*** Opening of Material provided ***
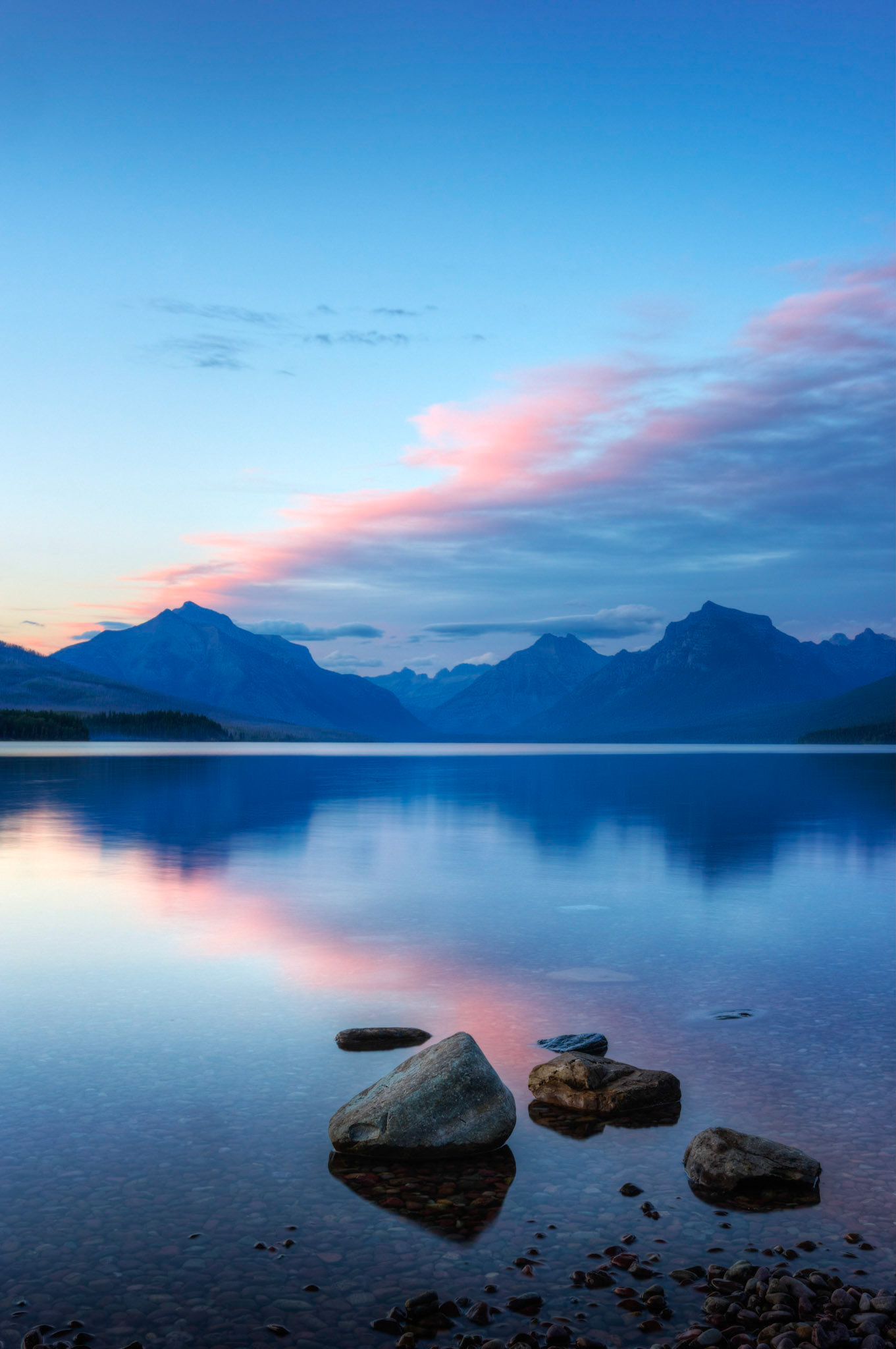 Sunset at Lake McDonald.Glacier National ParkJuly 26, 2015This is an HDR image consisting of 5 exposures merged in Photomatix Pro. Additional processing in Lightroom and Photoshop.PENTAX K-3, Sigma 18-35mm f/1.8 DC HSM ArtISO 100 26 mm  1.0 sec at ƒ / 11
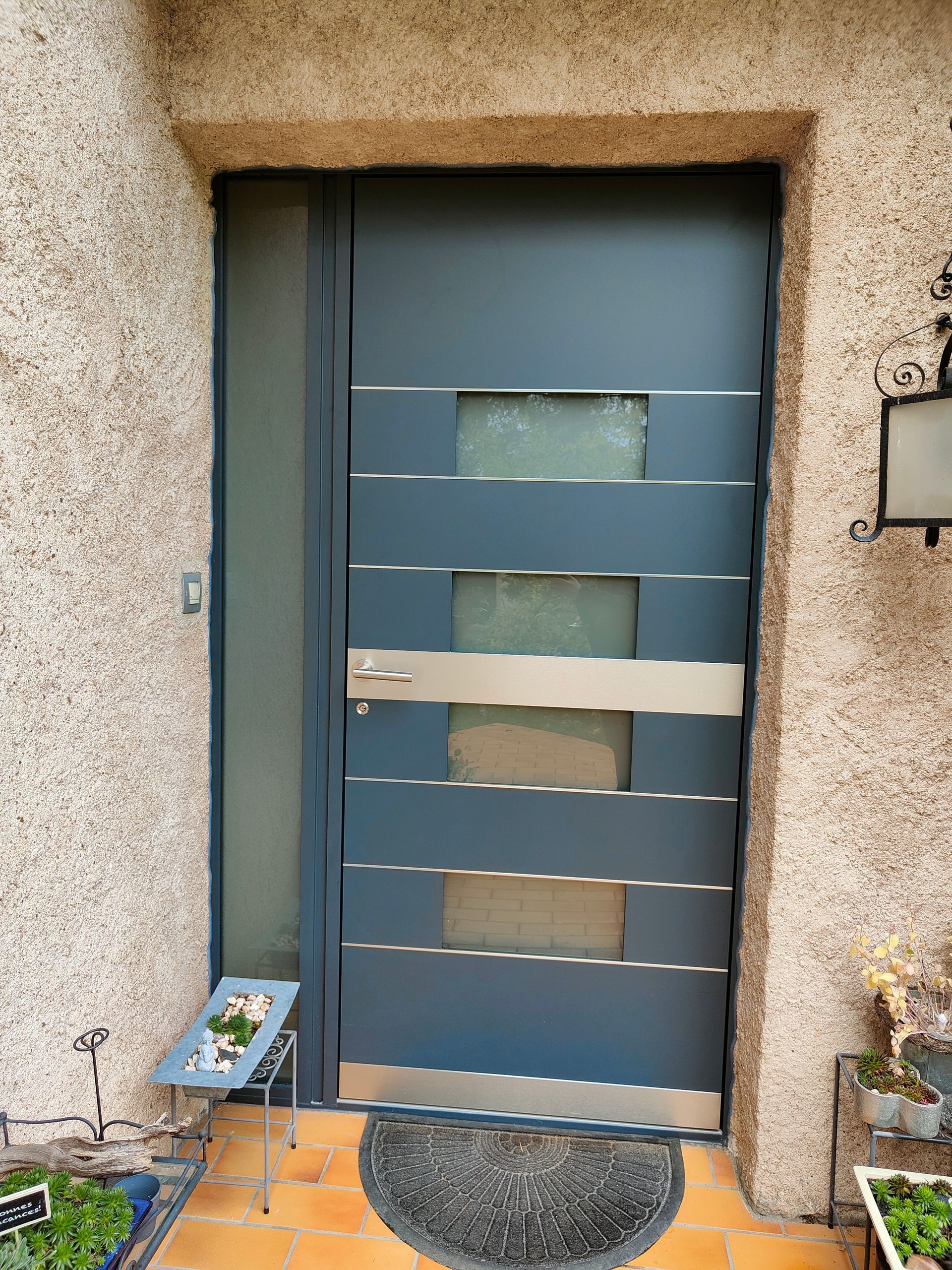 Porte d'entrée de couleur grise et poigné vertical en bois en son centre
*** Close of Material provided ***
*** Opening of Material provided ***
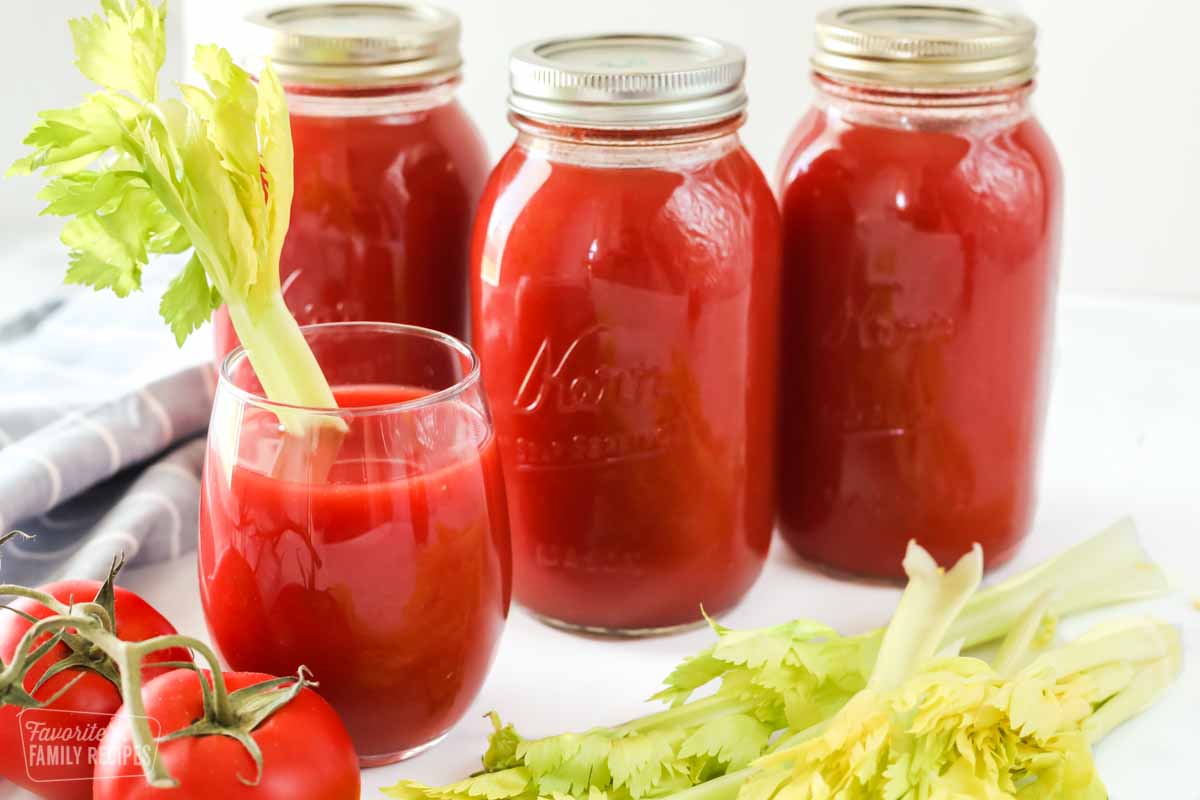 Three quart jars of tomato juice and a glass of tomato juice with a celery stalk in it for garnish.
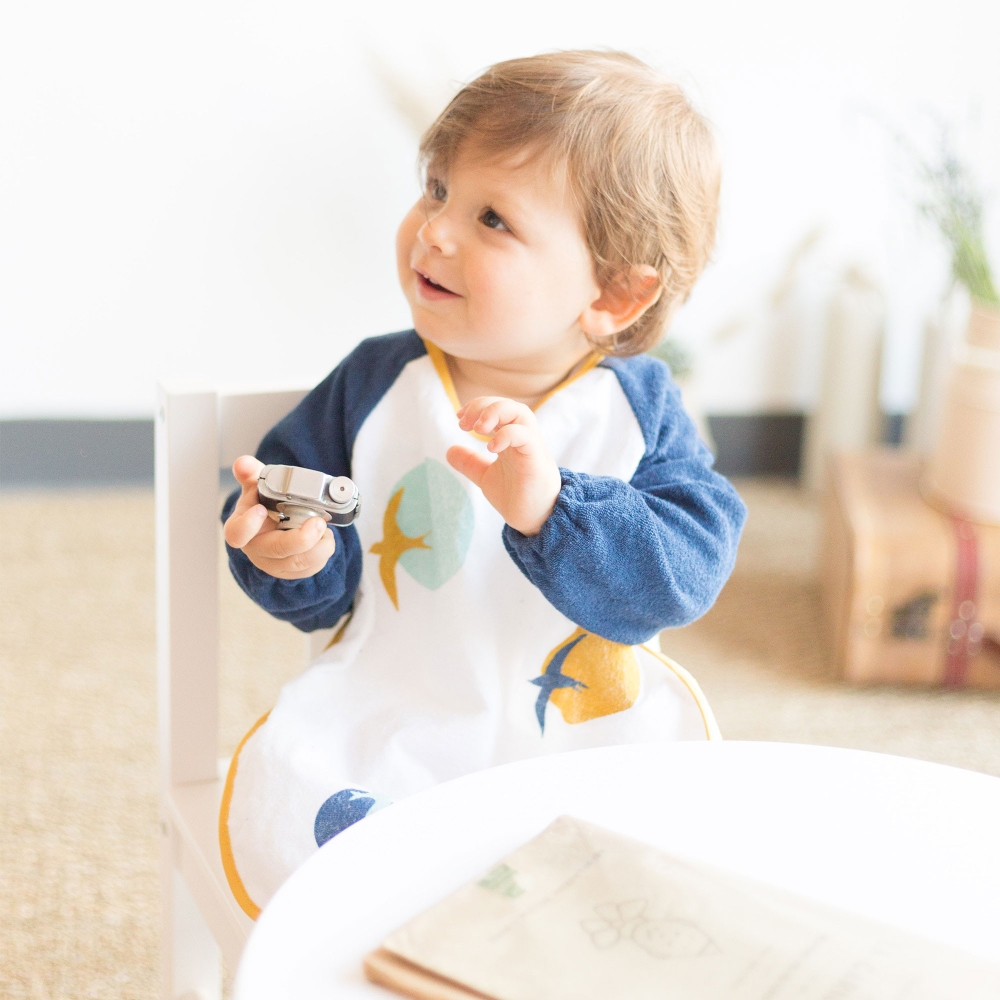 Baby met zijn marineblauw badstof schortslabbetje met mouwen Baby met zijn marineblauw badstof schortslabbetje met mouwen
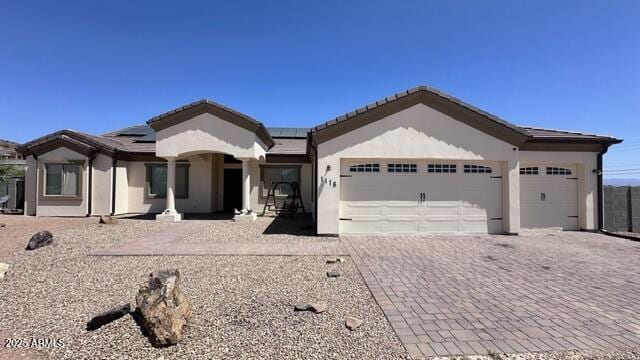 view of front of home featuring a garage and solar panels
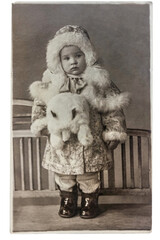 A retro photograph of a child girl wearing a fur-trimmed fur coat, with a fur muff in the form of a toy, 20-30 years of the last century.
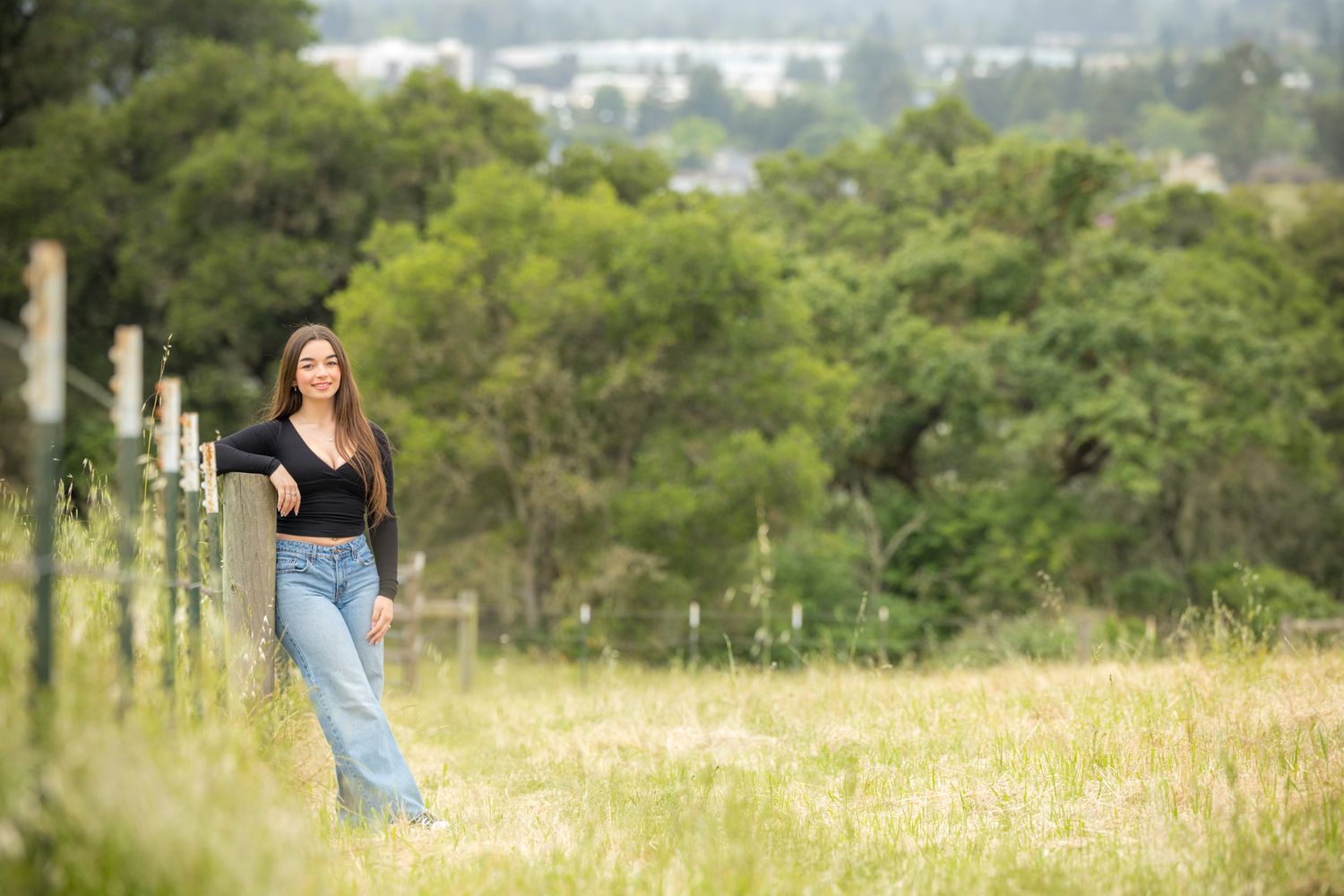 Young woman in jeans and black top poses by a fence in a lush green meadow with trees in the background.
*** Close of Material provided ***
Description of the task.
A word-for-word reproduction is needed of the lines above from the line containing "A retro photograph" through the line containing "Young woman in", with both ends kept and no pictures.

Your solution.
 A retro photograph of a child girl wearing a fur-trimmed fur coat, with a fur muff in the form of a toy, 20-30 years of the last century.
 Young woman in jeans and black top poses by a fence in a lush green meadow with trees in the background.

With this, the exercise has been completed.